What, Exactly, Is for Sale?

 
 

Although it may seem obvious, you should give some thought to exactly which of your assets will be sold with the company. You may have already removed unproductive or nonessential assets from the business in the course of getting it ready for sale. If not, consider doing so now. If you have assets that aren't needed to run the business, the buyer isn't likely to pay extra for them — you may be better off retaining these assets and selling them yourself.

There may be some valuable assets in the business that you want to keep, such as real estate or equipment that you want to lease to the buyer (or someone else). You may also be the owner of valuable patents, trademarks, or copyrights that you want to retain and license back to the buyer. This can become an important negotiation point. If you retain some of the assets, the purchase price will be lower, thus making the business more affordable to a larger group of buyers.

In particular, retaining real estate used in the business can provide you with a steady stream of rental payments for years to come. Particularly if you have a buyer who's tight on cash (such as your child or another young entrepreneur) you can keep the real estate for now, and perhaps sell it to your buyer at some point down the road.

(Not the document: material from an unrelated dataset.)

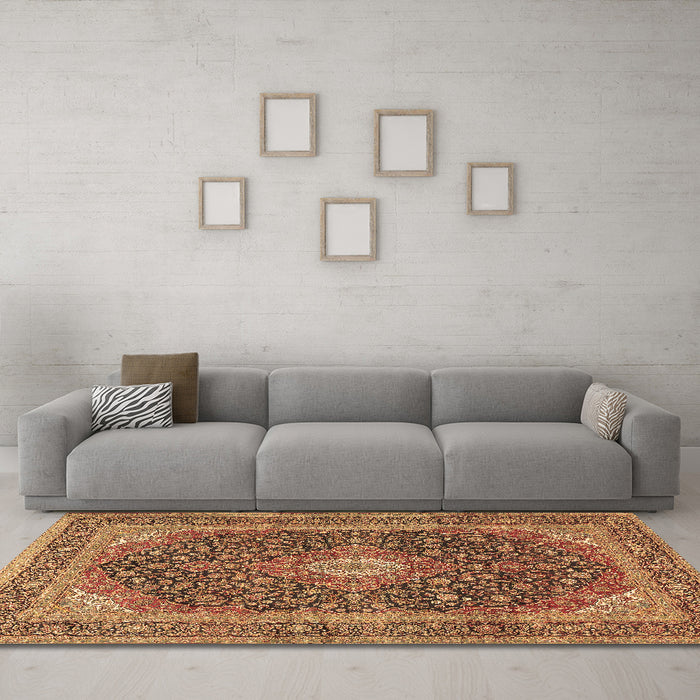 Machine Washable Medallion Brown Traditional Rug in a Living Room,, wshtr2916brn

Picking and choosing among the assets to be sold is easier if you aren't incorporated. In a sole proprietorship, you'll simply retain the assets you don't want to sell — you won't be taxed on any profits unless and until you eventually decide to sell them. Partnerships and LLCs can keep the unwanted assets and distribute them in kind to partners or members upon liquidation, although the individual partners may have to pay some tax upon what is technically a dissolution of their business. In a corporation, it becomes even more complicated and you may have to purchase the asset at fair market value, with the corporation paying tax on any capital gains inherent on the asset, if you want to remove the asset from the business entity. Consult your tax advisor for more details.

During the due diligence phase of the negotiations, the buyer will want to see a detailed listing of all the assets, their book value, and their fair market value. You'll be held to whatever list you provide, so make sure it's accurate to the best of your ability.

Two important issues relating to exactly what you are transferring in the sale are:

  • Key contracts: are your important leases, supply contracts, and other agreements transferable to a buyer? Can a buyer assume your existing loans?
  • Assets vs. stock sales: if you are incorporated, will you be selling the corporate stock, or its assets?